Oil boom unlikely to solve Gulf economy woes
LONDON - Oil prices above $40 a barrel are giving Gulf Arab states a petrodollar bonanza, but analysts warn they will not necessarily fuel an economic boom unless matched by long-awaited reforms.

While small Gulf states with market-driven economies - such as Qatar and the United Arab Emirates - are heading for overall growth, Saudi Arabia, the region's biggest economy, will use its extra cash to pay off domestic debt and build up foreign assets.

"The Saudi government is using its oil windfall to restore fiscal health rather than driving a broad economic boom through government spending," said Brad Bourland, chief economist at Saudi American Bank (SAMBA).

The 1970s oil boom fuelled massive spending on infrastructure and reconstruction throughout the energy-rich Gulf.

But this year's petrodollar windfall is unlikely to accelerate the pace of badly needed structural reform which remains sluggish, especially in key U.S. allies Saudi Arabia and Kuwait.

"Things looks very good when it comes to public finances, but I'm not optimistic on the economic front," said Kuwaiti economist Jassem al-Saadoun. "Will there be more job creation, privatisation and rebalancing of the economy? I doubt it."

Unemployment rates average 15 percent in the Arab world. And in the Gulf, most private sector jobs are taken by foreigners who make up over 30 percent of the region's 30 million population, economists say.

Job creation is proving a major challenge to top world oil exporter Saudi Arabia, where a bloated public sector can no longer absorb its teeming population.

"By paying off debt and building foreign assets Riyadh will build up a financial cushion," said a senior Western banker. "But it won't combat unemployment and train an unskilled workforce."


In real terms, stripping out the impact of inflation, oil prices - now at more than $40 a barrel - are near levels hit during the Arab oil embargo in 1973-4, but much lower than record highs after the 1979 Iranian revolution.

But in terms of Gulf finances, the prices still look spectacular.

"Saudi Arabia needs a $22-$25 oil price to do all right," said a Western oil executive. "With oil at $40-$50, it will be a phenomenal year."

The world's biggest oil exporter, pumping over 9.3 million barrels per day, is set to net record oil revenue of about $100 billion, up from last year's $86 billion - the highest in two decades.

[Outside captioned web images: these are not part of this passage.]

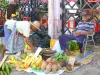 Pointe-à-Pitre - Stand mit Früchten und Gemüsen des Marktes Darse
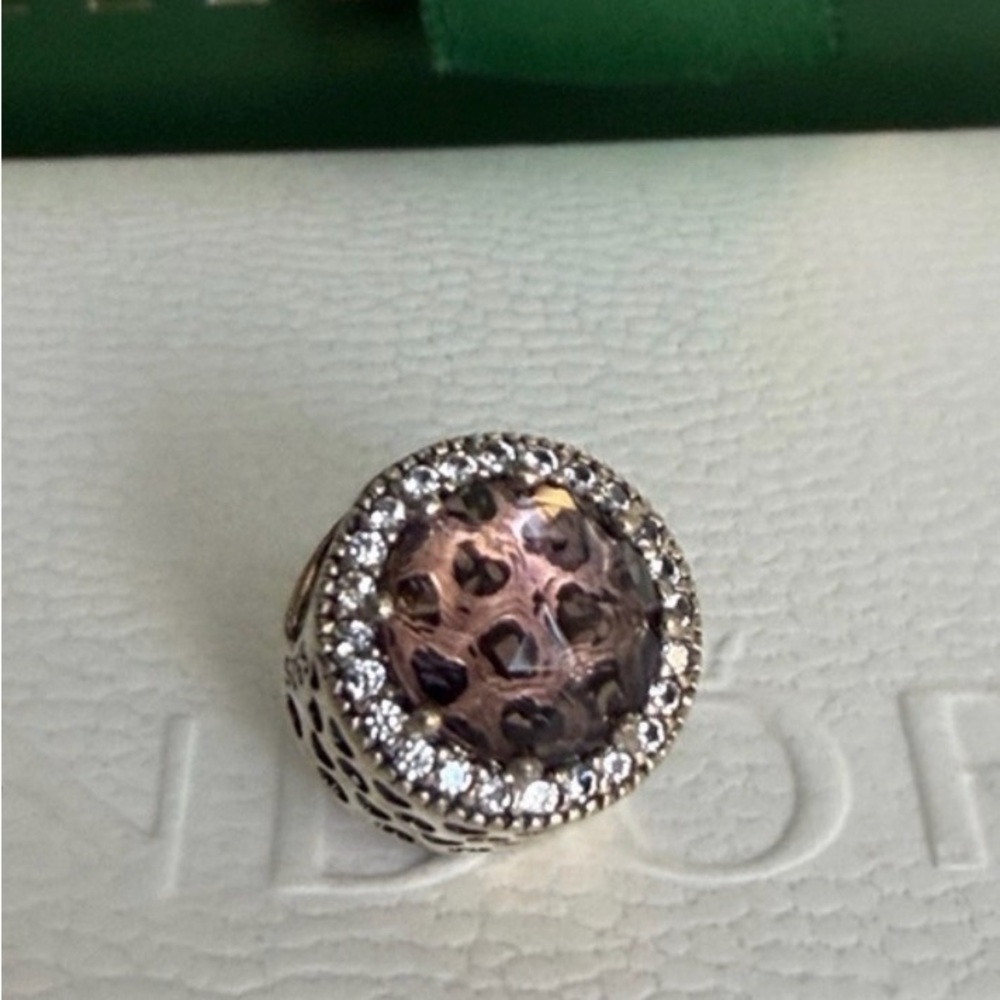Pandora Silver And Pink Radiant Hearts Charm With Bevel Set CZ’s RETIRED - Picture 1 of 5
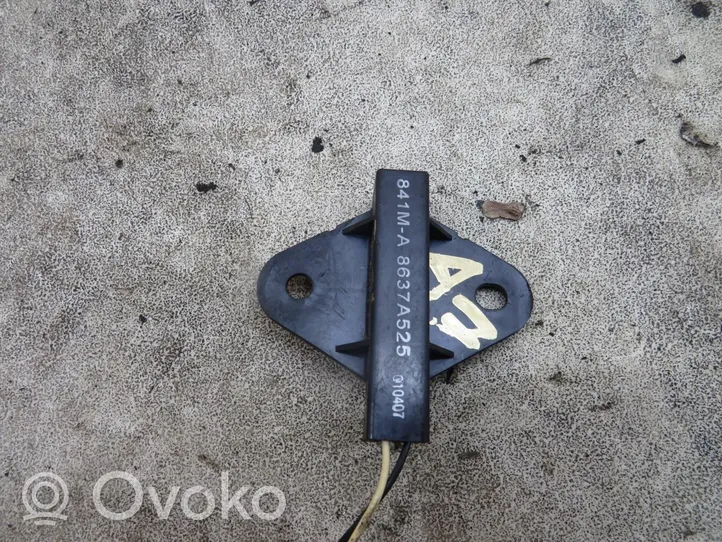 Audi A7 S7 4G Antena wewnętrzna 8637A525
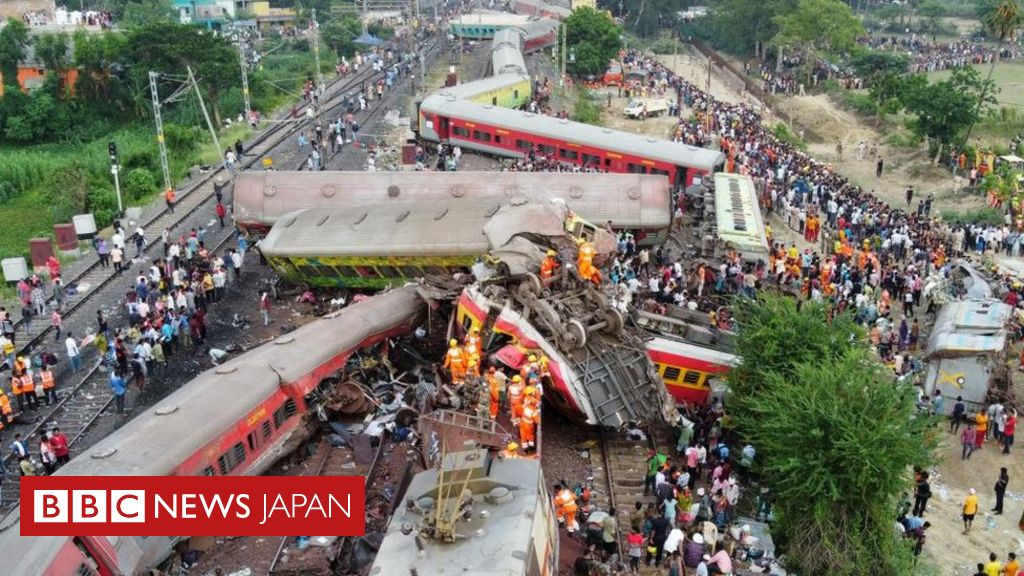運行システムか信号に問題か インド列車事故、死者は275人 BBCニュース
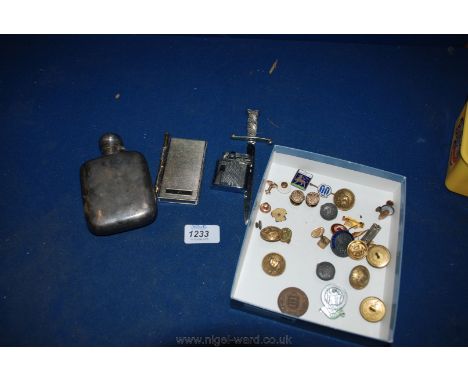 Miscellaneous military Buttons and enamel badges, studs, etc., the buttons depicting Hindustan Peninsula '76, plus hip flask,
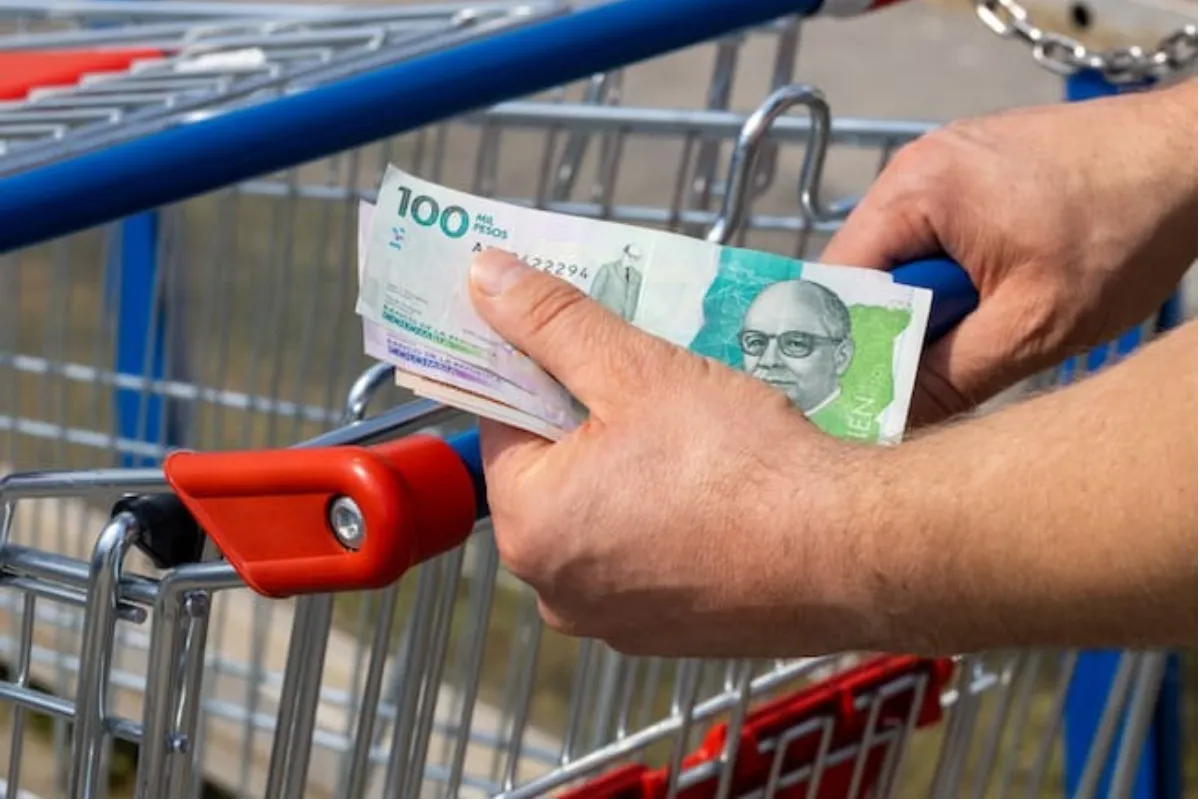 Uno de cada tres colombianos sigue siendo pobre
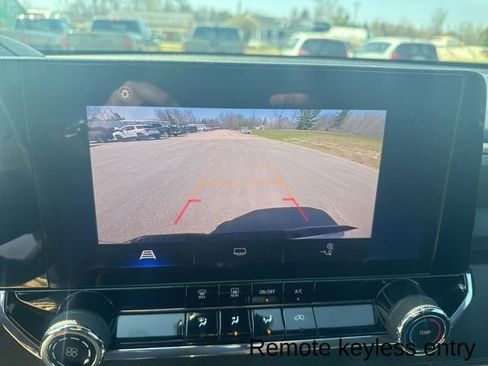 Used 2023 Chevrolet Colorado Trail Boss w/ Safety Package AWD/4WD image 22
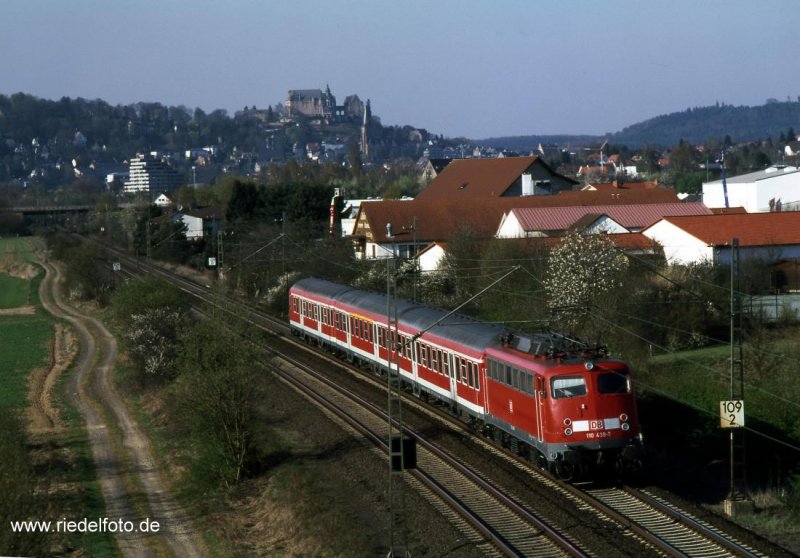 Regionalbahn auf der Main-Weser-Bahn bei Marburg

As a whole, Gulf producers are expected to net more than $180 billion from oil exports, up $35 billion from 2003.

Analysts say high oil prices have been a blessing for most of the Gulf Cooperation Council - Saudi Arabia, Kuwait, the UAE, Qatar, Bahrain and Oman - relieving the pressure for reform, last sparked during the 1997-8 price crash which ended their golden days then.

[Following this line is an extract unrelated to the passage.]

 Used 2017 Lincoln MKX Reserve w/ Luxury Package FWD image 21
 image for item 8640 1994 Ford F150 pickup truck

Some of the rulers in the region, which straddles nearly half the world's oil reserves, have more prudent plans in mind for oil revenues that are on target to produce a budget surplus of $60 billion.

The economies of the six GCC states which grew at 6.8 percent in 2003, are forecast to grow in excess of 7 percent, according to Standard Chartered.

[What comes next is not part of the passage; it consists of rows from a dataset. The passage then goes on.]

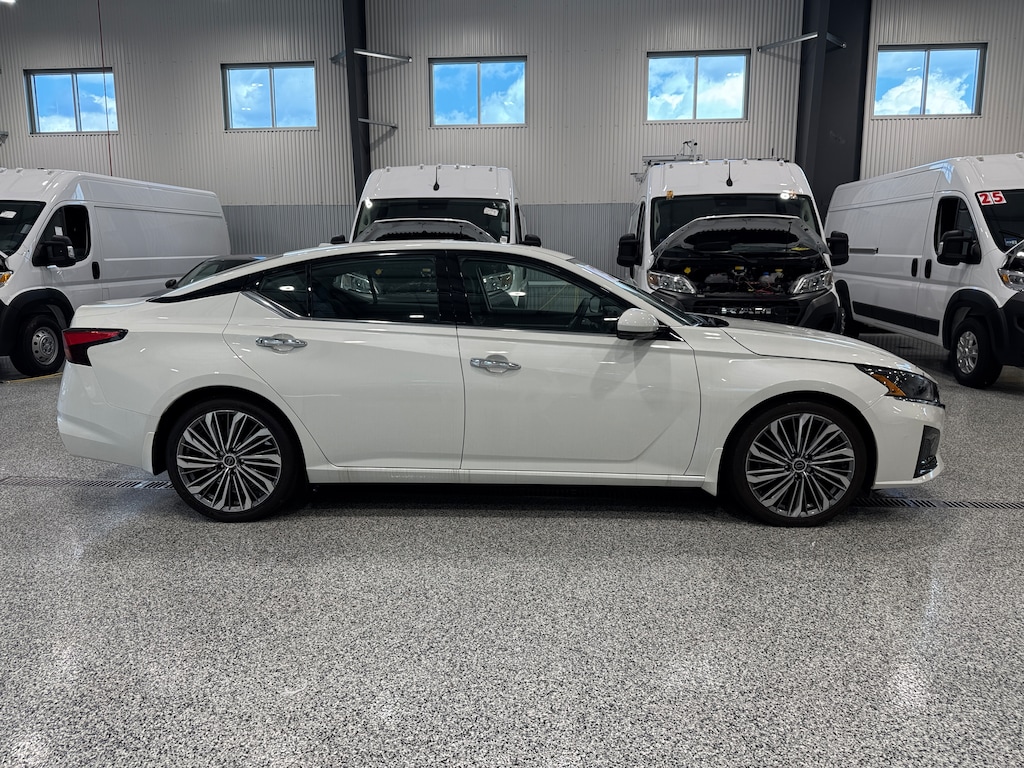 Used 2023 Nissan Altima 2.5 SL Sedan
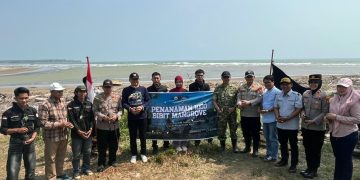 Bersama Warga, GPA Gendong Adventure Tanam Harapan di Pesisir Pondok Kelapa
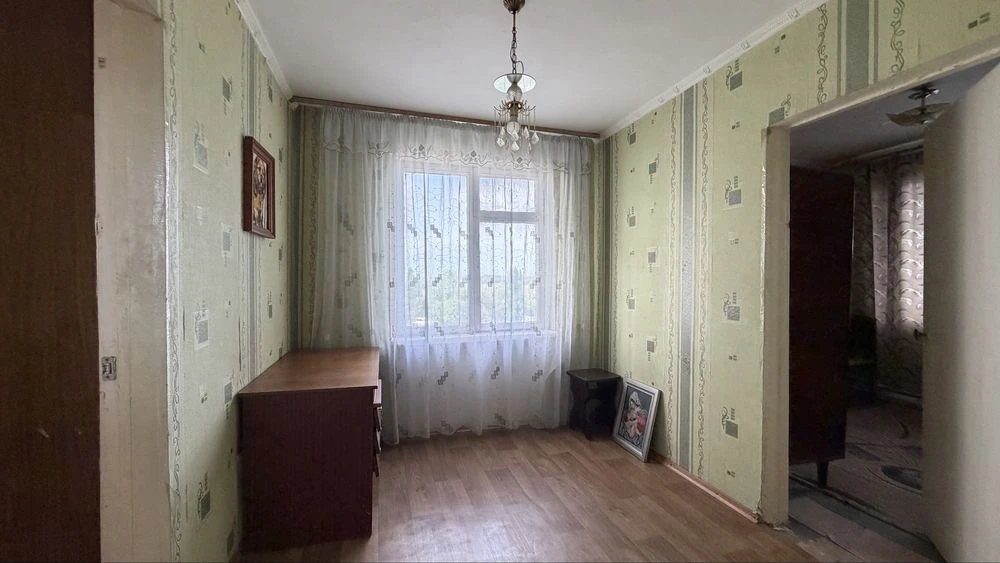 Продается 4 кк Космонавтов!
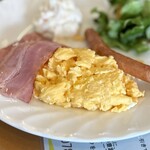 ドルフのパン - ■バイエルン＆スクランブル¥748 （トースト、アラカルトパン、ドリンク付き）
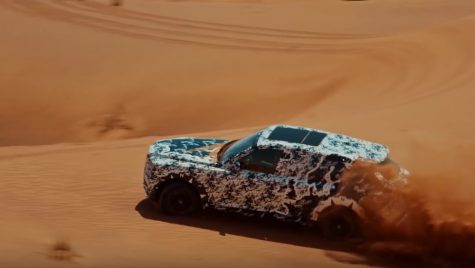 Rolls-Royce Cullinan își face de cap în deșert înainte de a fi prezentat oficial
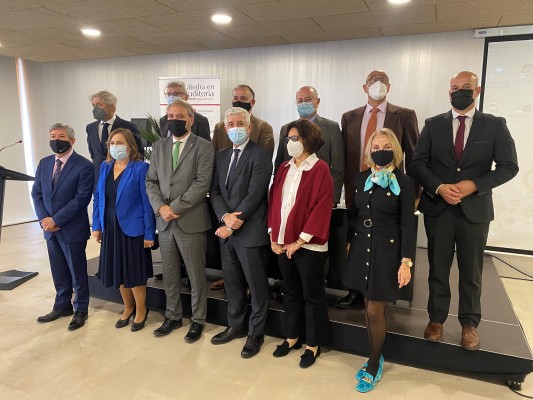 El Colegio de Economistas de Alicante estrena su Cátedra de Auditoría en la UMH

"Unlike spending patterns in the previous oil booms, the region's budgets underscore a new level of fiscal prudence," said Dubai-based Standard Chartered economist Daniel Hanna.

Privatisation programmes have met with some success, attracting international players led by European heavyweight banks to virgin markets in Saudi Arabia and Kuwait.

Economists say these countries still need to overhaul their crude-dependent economies by offloading state stakes in firms to boost the private sector, diversifying sources of income, slashing subsidies, cutting red tape and instituting legal reform to lure foreign investment.

Riyadh is making an effort to open its sector by issuing bank licences to international players like Deutsche Bank, while HSBC is starting a majority owned investment banking venture.

Earlier this month, Kuwait gave out its first foreign banking licence to France's BNP Paribas.

Bumper government spending has also fuelled a boom in the local stock market.

"Having reported 61.4 percent profitability growth for the whole market in 2003, the Saudi corporate sector appears to be heading towards another year of record profitability growth," economists at the country's biggest bank, National Commercial Bank, said in a half-term review.

The Saudi stock market, the Arab world's biggest bourse, has notched up gains of more than 42 percent this year after powering ahead 76 percent in 2003.

For smaller countries like Qatar and the UAE which matched their black gold with tourism, finance, banking and real estate projects, the economic prospects are bright.